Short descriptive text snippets

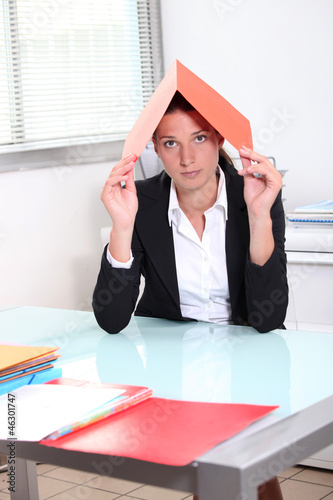 Photo: Young woman hiding under a file Young woman hiding under a file
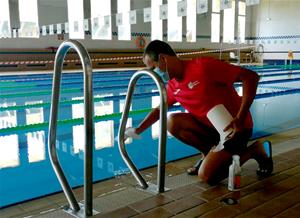 Un operari preparant la piscina municipal del Vendrell. Eix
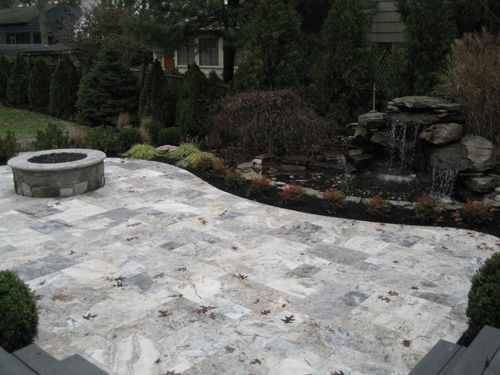 Stone patio with fire pit and waterfall feature surrounded by landscaping.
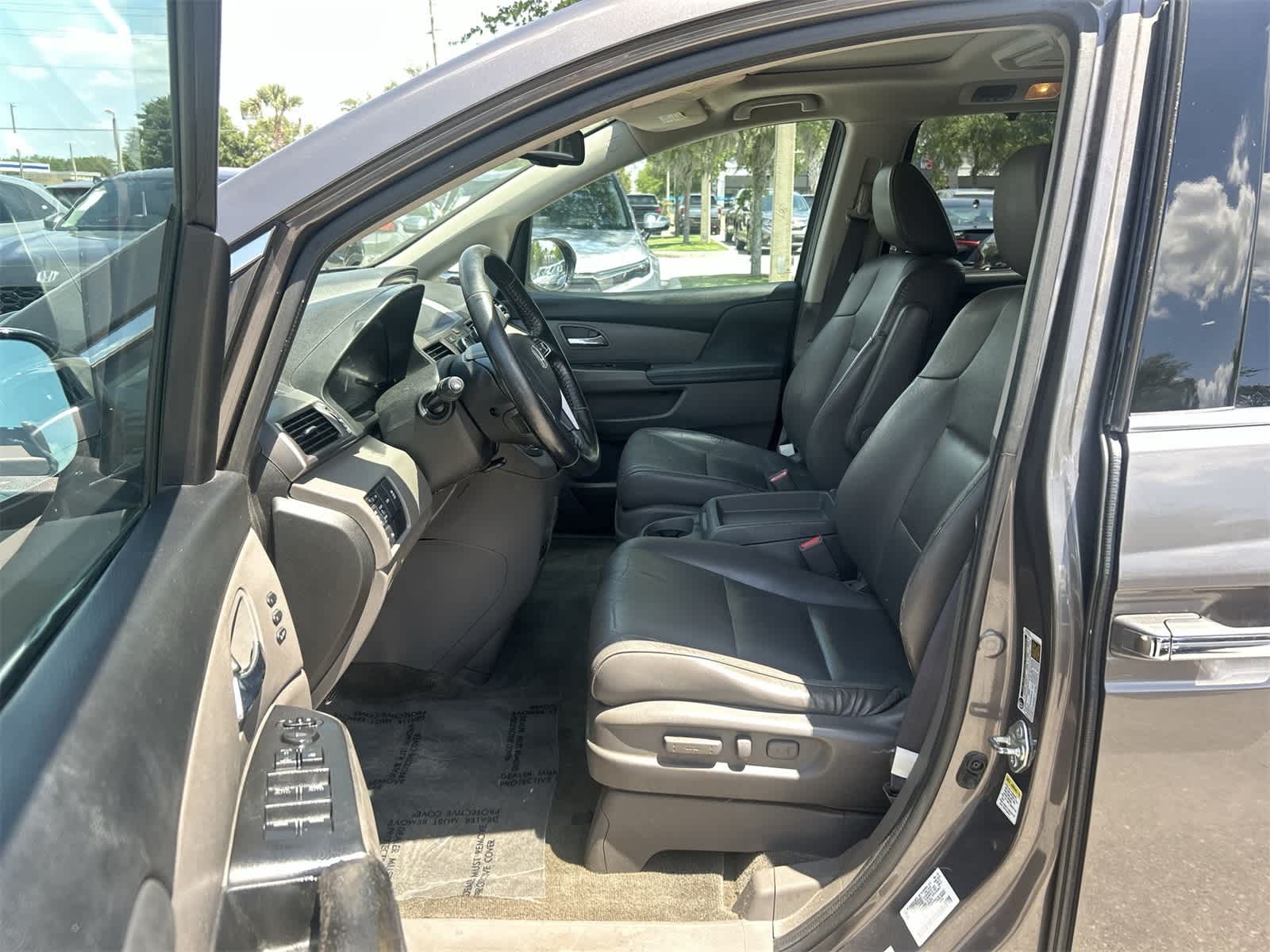 Used 2015 Honda Odyssey Touring with VIN 5FNRL5H96FB108454 for sale in Wesley Chapel, FL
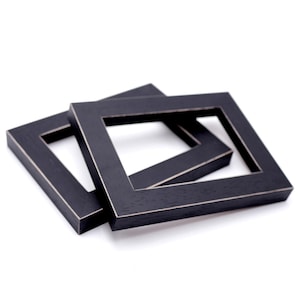 May include: Two black picture frames stacked on top of each other. The frames are made of wood and have a distressed finish.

WORK TASK: An exact copy is needed. It runs from the line above containing "Un operari preparant" down to the line containing "Used 2015 Honda", both included, with no pictures.

ANSWER TO THIS TASK:
 Un operari preparant la piscina municipal del Vendrell. Eix
 Stone patio with fire pit and waterfall feature surrounded by landscaping.
 Used 2015 Honda Odyssey Touring with VIN 5FNRL5H96FB108454 for sale in Wesley Chapel, FL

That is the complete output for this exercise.